Tra i tuoi numerosi progetti c’è anche Kinnaur Himalaya, il racconto di una comunità che ti ha impegnato per 16 anni. Dove e come è nato questo progetto? Cosa ti ha spinto a dedicarti a questo mondo così diverso dal nostro?

Kinnaur Himalaya” è un progetto più recente, di fatto la ripresa e la conclusione della tesi di laurea succitata, svolta in Himalaya nel 2003. Tra il 2018 e il 2019 ho trascorso altri 4 mesi in Kinnaur, ampliando la ricerca originaria poi raccolta nel libro “Kinnaur Himalaya, al confine tra ordine e caos” e in un documentario intitolato “Kinnaur Himalaya”, presentato in prima mondiale al Trento Film Festival, poi all’International Festival of Ethnological Film di Belgrado e recentemente premiato con il Prize Mountain Wilderness al 38° Torello Mountain Film Festival, in Catalogna (Spagna).
Per me tornare in Kinnaur è servito a chiudere un ciclo e, se vogliamo, a dare un senso a un lavoro rimasto a lungo il pass per garantirmi la laurea. Insomma, volevo togliere questa ricerca dallo scaffale in cui era arenata con la tesi, per portarla in superficie e divulgarla rendendola accessibile a un pubblico ampio. Del resto, è in Kinnaur dove per me tutto ha avuto inizio.    

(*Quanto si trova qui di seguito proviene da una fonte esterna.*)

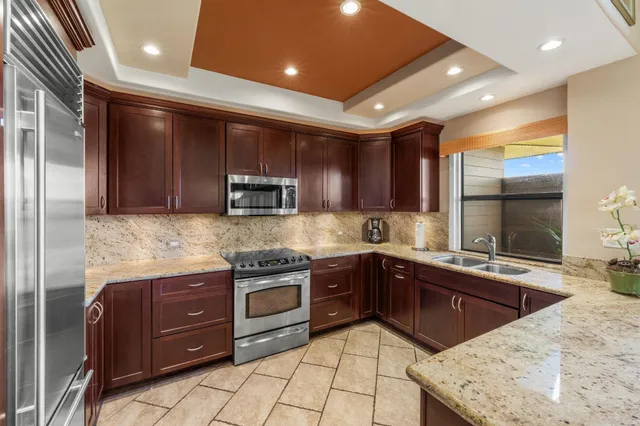 a kitchen with stainless steel appliances granite countertop wooden cabinets a stove top oven a sink and dishwasher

Cos’è per te Ca’ Foscari Alumni? Cosa rappresenta per te come iniziativa, cosa vorresti offrisse l’Associazione, a che iniziative e progetti ti piacerebbe partecipare o dare il tuo contributo?

Alumni è senz’altro un’opportunità per noi Cafoscarini, serve a non perdere il legame con l’Università, che resta il luogo in cui ci siamo formati e siamo cresciuti. A prescindere dalle carriere di ciascuno, ritengo sia vitale preservare un legame con il mondo universitario. Dall’Associazione mi aspetto l’organizzazione di iniziative concrete, magari incontri annuali tra laureati degli stessi corsi o degli stessi anni. Oppure maggiore coinvolgimento di certi profili (laureati che hanno avuto carriere di un certo tipo) nella formazione degli studenti odierni, e non solo per eventi celebrativi. Come contributo credo di poter essere utile durante i cosiddetti “open day” per i ragazzi che dalle superiori devono decidere in quale Università iscriversi. Poi ancora, potrei portare la mia testimonianza alle nuove matricole, attività che già mi è capitato di fare, seppur in modo sporadico.

Che messaggio vuoi lasciare agli altri Alumni, in particolare ai neolaureati?

Siate orgogliosi di essere Cafoscarini.